● WHAT IS REQUIRED
Although the records contain pictures, the copy must not; reproduce everything else in them exactly.

● GIVEN RECORDS

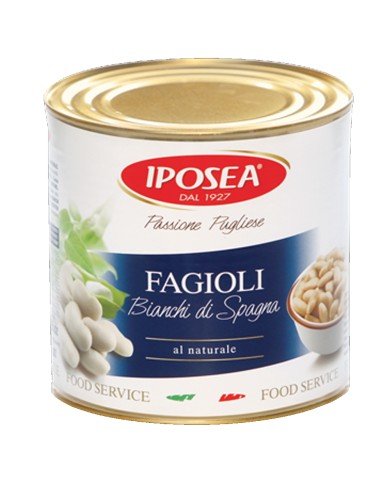 IPOSEA FAGIOLI BIANCHI DI SPAGNA ML.2650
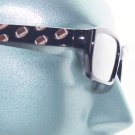 Reading Glasses Football Fan Sports Ball Classic Black Frame +3.00 Lens Strength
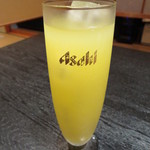 魚心 - シークワーサーハイ 450円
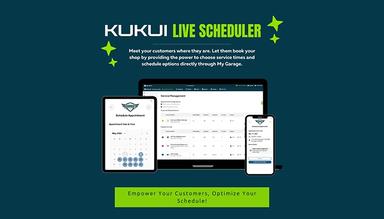 KUKUI software Streamlined Appointments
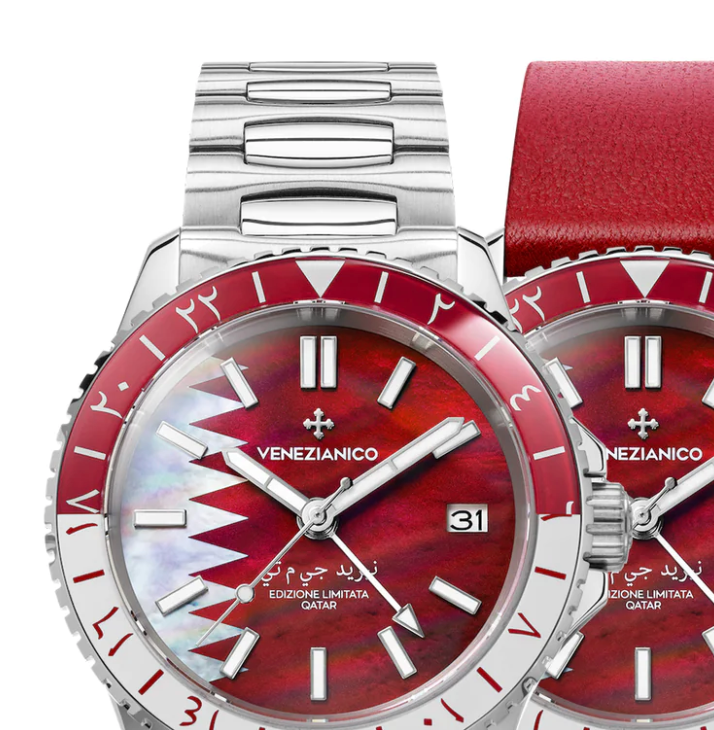 Venezianico Automatic NEREIDE GMT - Qatar Limited Edition-GR8 Sunglasses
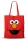 FAN Shopping Bag Elmo Face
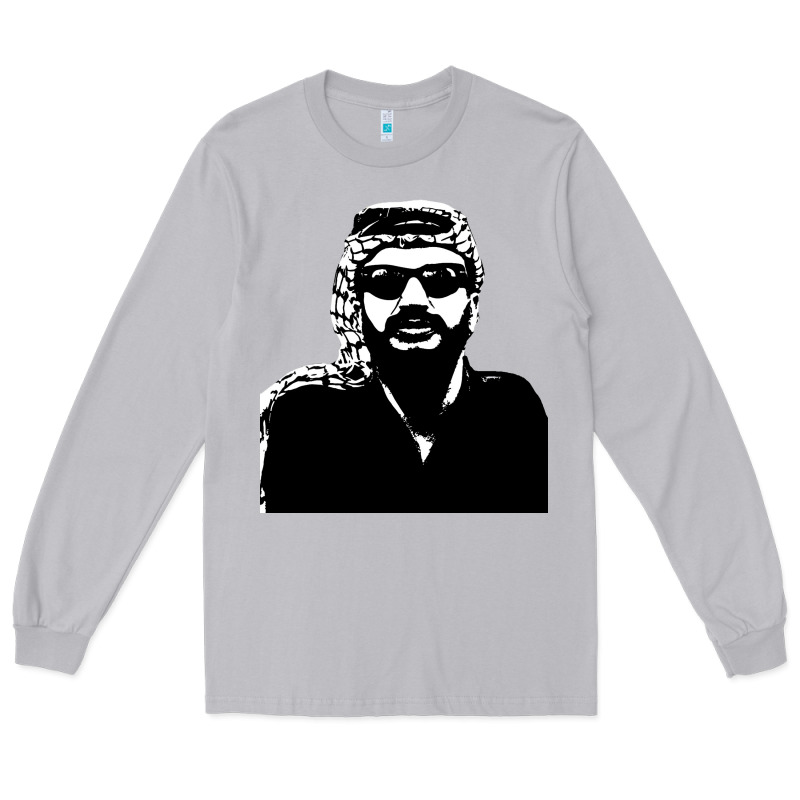 Yasser Arafat Long Sleeve Tee by artisFamous | Teevron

● OUTPUT OF THE EXERCISE
 IPOSEA FAGIOLI BIANCHI DI SPAGNA ML.2650
 Reading Glasses Football Fan Sports Ball Classic Black Frame +3.00 Lens Strength
 魚心 - シークワーサーハイ 450円
 KUKUI software Streamlined Appointments
 Venezianico Automatic NEREIDE GMT - Qatar Limited Edition-GR8 Sunglasses
 FAN Shopping Bag Elmo Face
 Yasser Arafat Long Sleeve Tee by artisFamous | Teevron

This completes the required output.